= WORK TO COMPLETE =
Would you transcribe only the lines below, from the one containing "1st image of 1370 NW 18th St #208" through the end of the material, exactly and with no pictures?

= INPUT DATA =
--*--

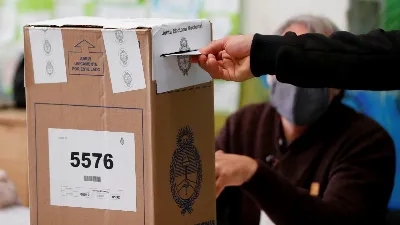 Se define el mapa electoral en la Provincia: El peronismo unifica su lista y LLA-PRO lanzan su alianza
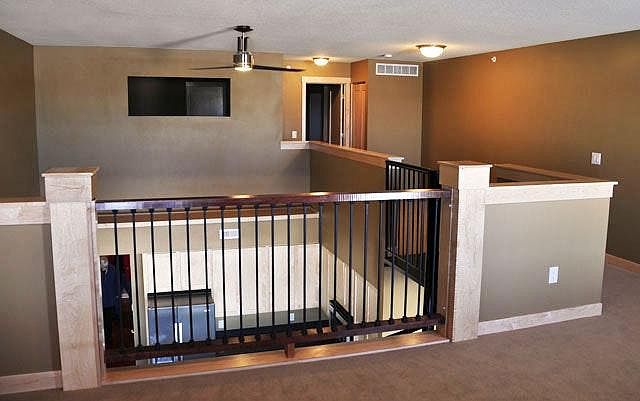 1st image of 1370 NW 18th St #208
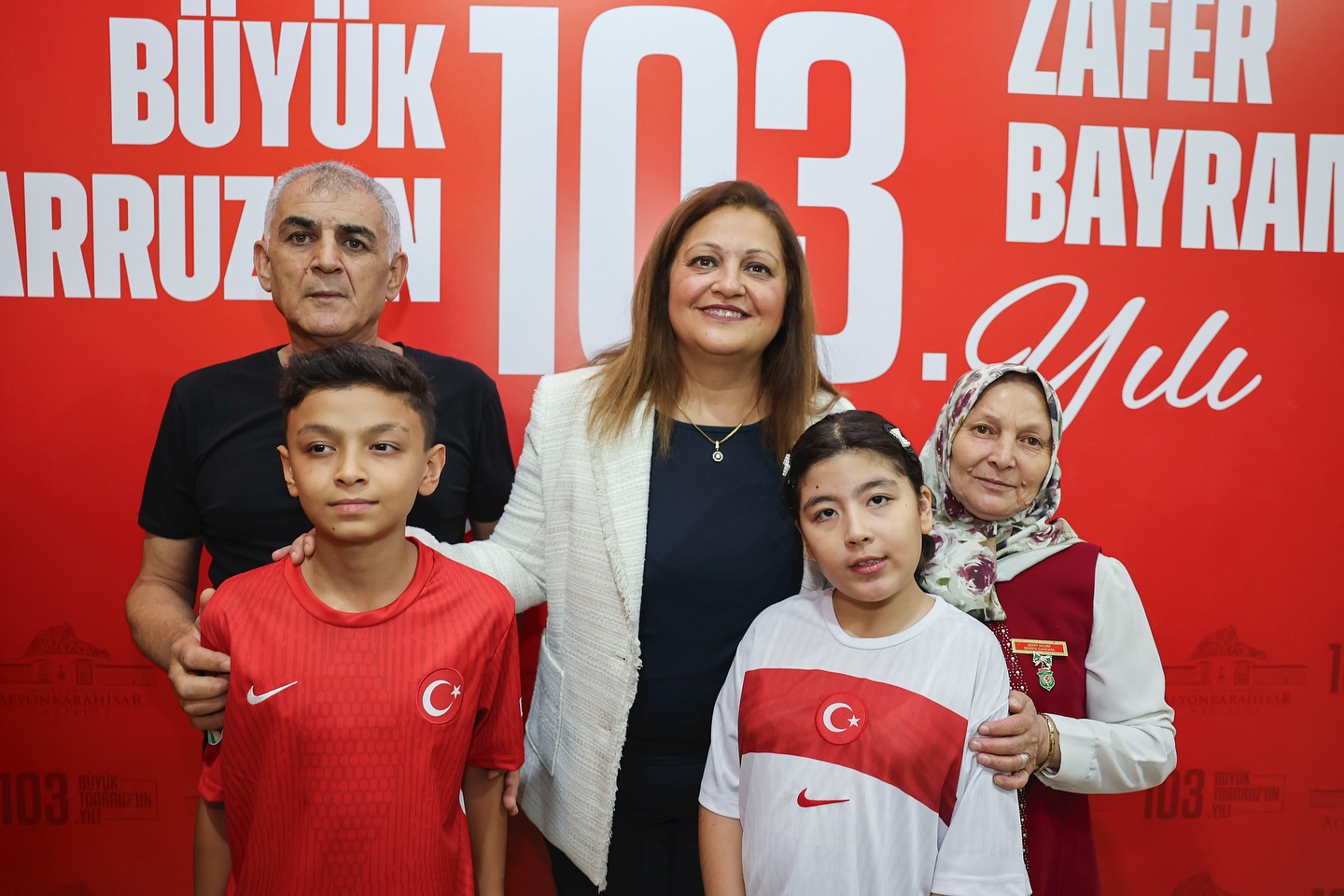 Afyonkarahisar’da valilik tarafından 30 Ağustos Resepsiyonu düzenlendi. Resepsiyona siyaset, iş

--*--

= ANSWER SPACE =
 1st image of 1370 NW 18th St #208
 Afyonkarahisar’da valilik tarafından 30 Ağustos Resepsiyonu düzenlendi. Resepsiyona siyaset, iş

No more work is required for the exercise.